[The data]
------------------------------

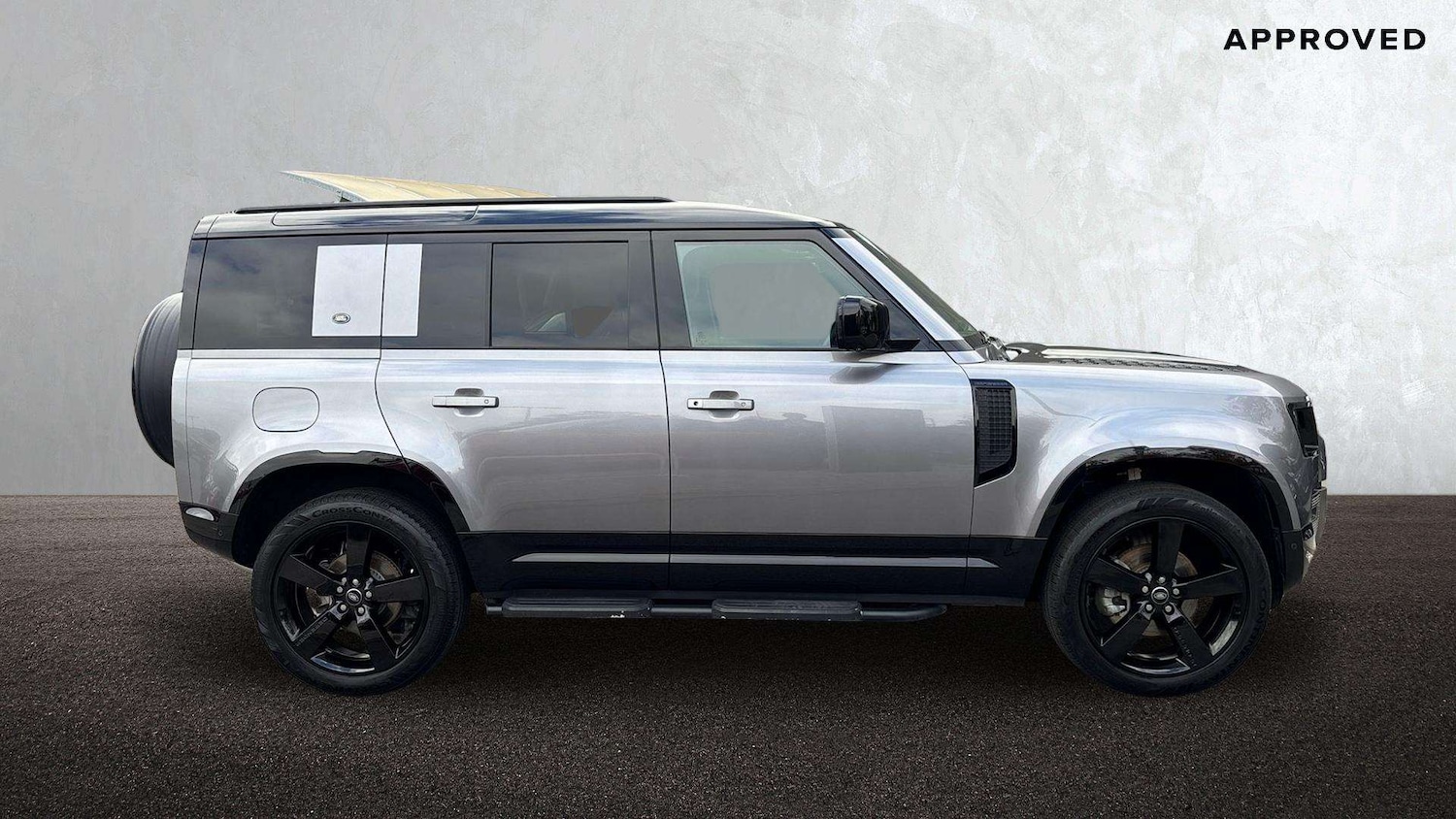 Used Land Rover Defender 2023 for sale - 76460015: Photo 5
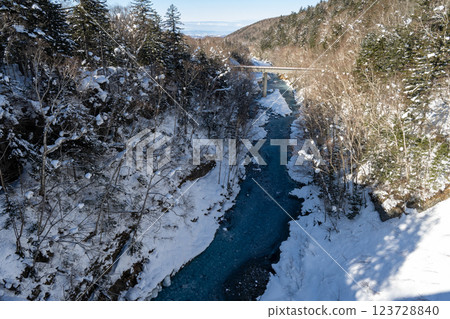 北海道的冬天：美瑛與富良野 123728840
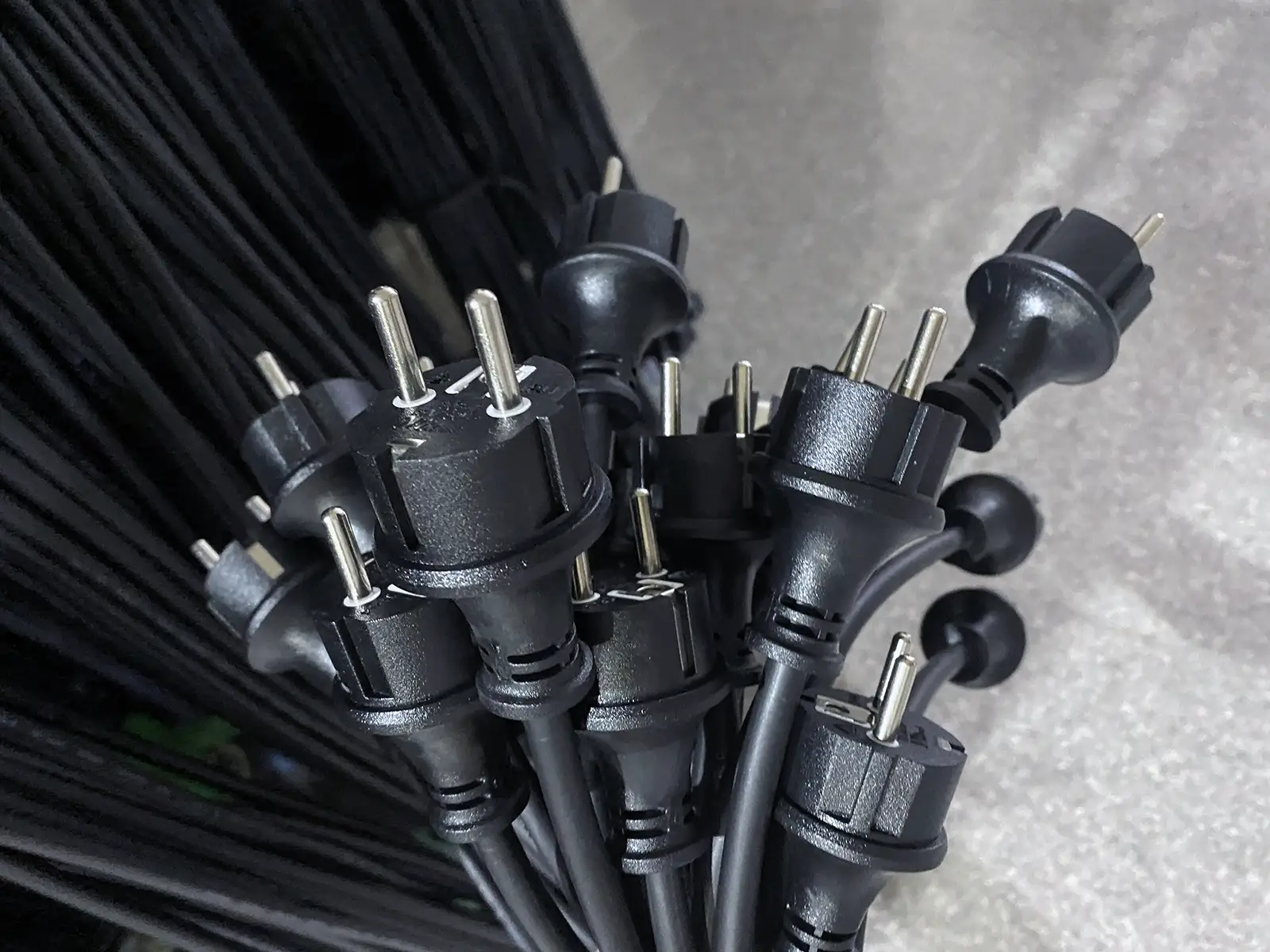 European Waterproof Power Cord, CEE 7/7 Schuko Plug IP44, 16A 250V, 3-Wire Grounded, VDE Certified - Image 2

------------------------------

[Required action] Set down the full listing above with its wording unchanged. Leave out its images.

[Solution to the problem]
 Used Land Rover Defender 2023 for sale - 76460015: Photo 5
 北海道的冬天：美瑛與富良野 123728840
 European Waterproof Power Cord, CEE 7/7 Schuko Plug IP44, 16A 250V, 3-Wire Grounded, VDE Certified - Image 2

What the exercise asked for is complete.